Term for physical restraint in special education

Positive handling is a term used in British primary and special-needs education for the use of force and physical restraint of students.

It has also been defined as "the application of force with the intention of overpowering the child".

Positive handling has been described as a "difficult behaviour management strategy" and as "risk-reduced physical interventions that form part of the holistic response". The term has been in use since at least 2000.

Under Section 93 of the Education and Inspections Act 2006, school staff are legally authorized to use reasonable physical force to prevent or stop a pupil from: causing injury to themselves or others; committing a criminal offence; damaging property; or "prejudicing the maintenance of good order and discipline at the school or among any pupils receiving education at the school, whether during a teaching session or otherwise." There is no legal definition of what qualifies as "reasonable" physical force. However, as corporal punishment in schools is illegal in the UK, it can not be used as a form of punishment, and the law states that it "does not authorise anything to be done in relation to a pupil which constitutes the giving of corporal punishment" as defined by the Education Act 1996.

Positive handling refers to a graduated approach towards the control of extreme behaviour by adopting the least intrusive intervention for the shortest period of time, beginning with verbal, non-physical de-escalation techniques first. Guidance on positive handling generally recommends physical intervention only as a last resort.

School staff require training, which is also a legal obligation of teaching institutions. They are also required to document and maintain a record of incidents.

Positive Handling is a statutory and mandatory training, in accordance to Section 2 and 3 of the Health and Safety at Work etc. Act 1974.

It represents a significant investment and undertaking for all staff. Increasingly, staff and managers have expressed the need to acknowledge existing understanding and experience due to raising violence in schools.

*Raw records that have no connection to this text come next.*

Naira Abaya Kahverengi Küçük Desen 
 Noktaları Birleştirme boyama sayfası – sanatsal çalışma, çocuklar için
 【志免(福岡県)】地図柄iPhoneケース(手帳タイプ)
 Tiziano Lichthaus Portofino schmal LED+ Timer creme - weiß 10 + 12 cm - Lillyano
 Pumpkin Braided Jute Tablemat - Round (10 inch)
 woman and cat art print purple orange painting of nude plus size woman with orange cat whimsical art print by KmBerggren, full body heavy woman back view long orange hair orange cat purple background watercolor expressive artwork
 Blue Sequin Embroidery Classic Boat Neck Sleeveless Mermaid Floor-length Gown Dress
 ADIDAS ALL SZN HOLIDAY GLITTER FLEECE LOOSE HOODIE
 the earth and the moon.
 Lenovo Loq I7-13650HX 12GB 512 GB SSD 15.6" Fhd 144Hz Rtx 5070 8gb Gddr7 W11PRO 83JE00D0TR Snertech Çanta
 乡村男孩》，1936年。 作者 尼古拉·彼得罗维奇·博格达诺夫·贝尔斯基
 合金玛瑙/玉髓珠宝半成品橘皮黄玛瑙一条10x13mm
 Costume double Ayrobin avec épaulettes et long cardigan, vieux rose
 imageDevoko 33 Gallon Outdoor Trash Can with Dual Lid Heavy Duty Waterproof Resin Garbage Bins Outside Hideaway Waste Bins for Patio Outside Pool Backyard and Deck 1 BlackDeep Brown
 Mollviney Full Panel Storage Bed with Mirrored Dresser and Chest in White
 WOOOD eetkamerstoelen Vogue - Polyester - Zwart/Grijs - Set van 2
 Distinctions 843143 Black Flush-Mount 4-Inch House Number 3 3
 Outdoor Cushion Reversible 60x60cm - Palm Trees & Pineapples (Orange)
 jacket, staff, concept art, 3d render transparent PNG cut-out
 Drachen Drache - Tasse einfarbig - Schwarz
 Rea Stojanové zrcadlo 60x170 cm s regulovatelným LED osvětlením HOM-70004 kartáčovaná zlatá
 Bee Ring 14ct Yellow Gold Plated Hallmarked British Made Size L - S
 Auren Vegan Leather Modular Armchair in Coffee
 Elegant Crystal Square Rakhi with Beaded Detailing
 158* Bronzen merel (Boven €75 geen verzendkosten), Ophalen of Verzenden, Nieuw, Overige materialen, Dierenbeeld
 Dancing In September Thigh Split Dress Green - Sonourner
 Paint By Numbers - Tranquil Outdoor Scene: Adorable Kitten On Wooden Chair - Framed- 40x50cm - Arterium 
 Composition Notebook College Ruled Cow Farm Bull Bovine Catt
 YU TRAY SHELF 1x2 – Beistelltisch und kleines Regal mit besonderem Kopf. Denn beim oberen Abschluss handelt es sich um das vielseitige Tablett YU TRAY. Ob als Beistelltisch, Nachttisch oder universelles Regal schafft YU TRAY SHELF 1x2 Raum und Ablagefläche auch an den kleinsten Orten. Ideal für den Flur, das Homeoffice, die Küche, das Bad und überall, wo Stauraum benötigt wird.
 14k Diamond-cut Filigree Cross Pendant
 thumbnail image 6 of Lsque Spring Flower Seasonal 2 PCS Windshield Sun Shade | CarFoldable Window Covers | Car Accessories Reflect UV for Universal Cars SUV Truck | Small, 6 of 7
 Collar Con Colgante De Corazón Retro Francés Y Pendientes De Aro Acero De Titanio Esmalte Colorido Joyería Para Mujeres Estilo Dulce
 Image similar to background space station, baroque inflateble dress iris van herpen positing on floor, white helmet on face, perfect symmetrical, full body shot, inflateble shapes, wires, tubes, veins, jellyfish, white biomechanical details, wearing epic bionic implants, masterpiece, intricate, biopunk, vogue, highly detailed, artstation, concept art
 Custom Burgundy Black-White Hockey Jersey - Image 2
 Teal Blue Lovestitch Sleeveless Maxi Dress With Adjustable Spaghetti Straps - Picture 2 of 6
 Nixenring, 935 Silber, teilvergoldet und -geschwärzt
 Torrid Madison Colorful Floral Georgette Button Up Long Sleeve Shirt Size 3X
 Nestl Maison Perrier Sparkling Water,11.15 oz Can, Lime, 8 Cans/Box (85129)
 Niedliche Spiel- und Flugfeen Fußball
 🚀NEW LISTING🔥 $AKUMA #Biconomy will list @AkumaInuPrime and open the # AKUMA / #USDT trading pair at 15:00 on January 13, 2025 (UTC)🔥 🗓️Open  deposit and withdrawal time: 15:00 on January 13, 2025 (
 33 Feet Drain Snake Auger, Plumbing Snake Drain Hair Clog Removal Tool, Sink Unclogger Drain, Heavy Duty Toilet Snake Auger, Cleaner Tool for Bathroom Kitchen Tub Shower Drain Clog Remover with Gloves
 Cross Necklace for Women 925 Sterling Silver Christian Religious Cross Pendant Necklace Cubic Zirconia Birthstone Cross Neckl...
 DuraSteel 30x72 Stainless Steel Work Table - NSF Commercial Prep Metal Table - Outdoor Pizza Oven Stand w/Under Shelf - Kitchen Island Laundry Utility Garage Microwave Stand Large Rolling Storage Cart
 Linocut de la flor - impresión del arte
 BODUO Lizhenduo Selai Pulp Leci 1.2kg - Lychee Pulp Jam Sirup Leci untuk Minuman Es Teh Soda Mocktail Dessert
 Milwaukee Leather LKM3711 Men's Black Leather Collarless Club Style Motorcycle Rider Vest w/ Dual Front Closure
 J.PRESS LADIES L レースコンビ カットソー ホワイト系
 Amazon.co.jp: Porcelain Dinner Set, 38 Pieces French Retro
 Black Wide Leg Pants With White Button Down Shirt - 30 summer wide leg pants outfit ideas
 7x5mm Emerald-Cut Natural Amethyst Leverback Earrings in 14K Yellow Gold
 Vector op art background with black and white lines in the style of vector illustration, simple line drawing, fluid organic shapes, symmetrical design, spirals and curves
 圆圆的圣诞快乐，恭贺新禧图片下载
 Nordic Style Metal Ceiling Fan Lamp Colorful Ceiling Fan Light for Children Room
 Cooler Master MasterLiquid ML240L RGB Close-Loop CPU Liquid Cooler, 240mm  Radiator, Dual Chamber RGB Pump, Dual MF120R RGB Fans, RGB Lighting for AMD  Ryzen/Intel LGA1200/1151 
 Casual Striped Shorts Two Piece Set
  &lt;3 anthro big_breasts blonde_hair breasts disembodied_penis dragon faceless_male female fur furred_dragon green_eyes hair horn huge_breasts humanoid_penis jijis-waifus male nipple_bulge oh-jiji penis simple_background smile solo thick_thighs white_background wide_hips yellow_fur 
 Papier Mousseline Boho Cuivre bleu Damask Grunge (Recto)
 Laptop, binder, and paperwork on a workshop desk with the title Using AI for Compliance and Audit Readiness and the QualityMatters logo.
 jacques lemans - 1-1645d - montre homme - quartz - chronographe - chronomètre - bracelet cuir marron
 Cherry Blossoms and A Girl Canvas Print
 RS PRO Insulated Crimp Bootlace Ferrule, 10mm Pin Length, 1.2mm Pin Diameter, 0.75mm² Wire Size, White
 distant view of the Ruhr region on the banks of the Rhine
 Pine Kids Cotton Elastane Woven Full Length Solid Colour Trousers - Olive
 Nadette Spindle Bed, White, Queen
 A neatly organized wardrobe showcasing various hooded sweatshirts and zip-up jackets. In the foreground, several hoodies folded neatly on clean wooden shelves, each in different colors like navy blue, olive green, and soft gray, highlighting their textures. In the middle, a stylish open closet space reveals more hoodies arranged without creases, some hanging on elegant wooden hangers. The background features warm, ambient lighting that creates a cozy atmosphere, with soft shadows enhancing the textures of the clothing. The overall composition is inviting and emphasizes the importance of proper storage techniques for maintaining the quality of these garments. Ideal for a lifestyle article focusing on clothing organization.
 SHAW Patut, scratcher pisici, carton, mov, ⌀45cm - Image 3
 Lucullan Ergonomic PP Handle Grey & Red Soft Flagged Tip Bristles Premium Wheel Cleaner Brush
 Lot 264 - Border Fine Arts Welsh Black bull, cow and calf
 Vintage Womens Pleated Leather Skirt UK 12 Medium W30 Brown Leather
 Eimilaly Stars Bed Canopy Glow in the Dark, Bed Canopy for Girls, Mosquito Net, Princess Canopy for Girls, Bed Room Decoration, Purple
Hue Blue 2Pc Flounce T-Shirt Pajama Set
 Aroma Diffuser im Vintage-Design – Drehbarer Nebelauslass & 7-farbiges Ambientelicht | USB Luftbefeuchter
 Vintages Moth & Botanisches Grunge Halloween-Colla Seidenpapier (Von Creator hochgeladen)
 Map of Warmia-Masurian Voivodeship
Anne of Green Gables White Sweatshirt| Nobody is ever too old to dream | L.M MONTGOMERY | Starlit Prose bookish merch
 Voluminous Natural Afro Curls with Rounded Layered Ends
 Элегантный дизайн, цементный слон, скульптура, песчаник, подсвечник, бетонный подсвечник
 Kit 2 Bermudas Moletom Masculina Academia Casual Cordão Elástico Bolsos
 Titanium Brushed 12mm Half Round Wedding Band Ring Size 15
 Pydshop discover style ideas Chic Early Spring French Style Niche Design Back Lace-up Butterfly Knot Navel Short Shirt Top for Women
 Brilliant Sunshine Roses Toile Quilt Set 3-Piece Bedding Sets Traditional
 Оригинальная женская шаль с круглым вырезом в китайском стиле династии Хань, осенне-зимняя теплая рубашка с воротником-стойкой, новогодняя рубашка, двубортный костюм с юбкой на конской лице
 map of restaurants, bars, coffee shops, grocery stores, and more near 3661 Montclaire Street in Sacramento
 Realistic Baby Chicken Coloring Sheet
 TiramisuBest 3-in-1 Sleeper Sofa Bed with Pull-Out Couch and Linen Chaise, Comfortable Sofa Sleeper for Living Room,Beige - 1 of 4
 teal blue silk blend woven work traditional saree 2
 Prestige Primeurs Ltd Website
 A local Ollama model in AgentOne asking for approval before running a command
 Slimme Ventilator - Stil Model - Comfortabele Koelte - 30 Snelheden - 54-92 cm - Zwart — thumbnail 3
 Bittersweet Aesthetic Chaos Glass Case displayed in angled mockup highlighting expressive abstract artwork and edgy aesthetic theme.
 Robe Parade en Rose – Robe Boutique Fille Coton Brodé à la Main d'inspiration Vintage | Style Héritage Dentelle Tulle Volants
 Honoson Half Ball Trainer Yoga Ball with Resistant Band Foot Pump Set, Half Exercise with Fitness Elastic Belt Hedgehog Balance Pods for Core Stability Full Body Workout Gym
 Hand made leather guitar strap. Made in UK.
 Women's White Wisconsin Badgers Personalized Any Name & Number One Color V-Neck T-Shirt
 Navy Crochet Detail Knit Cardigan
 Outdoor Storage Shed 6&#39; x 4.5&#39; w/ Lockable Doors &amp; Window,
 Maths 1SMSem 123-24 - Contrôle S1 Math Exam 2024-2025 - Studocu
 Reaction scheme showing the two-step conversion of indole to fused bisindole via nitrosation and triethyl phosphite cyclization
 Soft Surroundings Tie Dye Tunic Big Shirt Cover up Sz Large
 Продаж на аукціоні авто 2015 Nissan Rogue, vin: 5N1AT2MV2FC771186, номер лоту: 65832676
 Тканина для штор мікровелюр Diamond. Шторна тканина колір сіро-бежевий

The both term itself and the use of physical restraint are the subject of some controversy. Ollie Frith, in an article for the Crisis Prevention Institute, stressed the importance of clear and precise language, saying "it makes no sense that something as extreme as physical or environmental restraint can be labelled 'positive'" and that "even if restraint is necessary, softening the terms or describing such interventions as 'positive' is not helpful and does not convey the seriousness of the situation". Frith as wrote that by "simply offering basic restraint training" schools risk "siloing the issue by giving teachers a route to an outcome in a moment of crisis without trying to identify the problems leading up to it."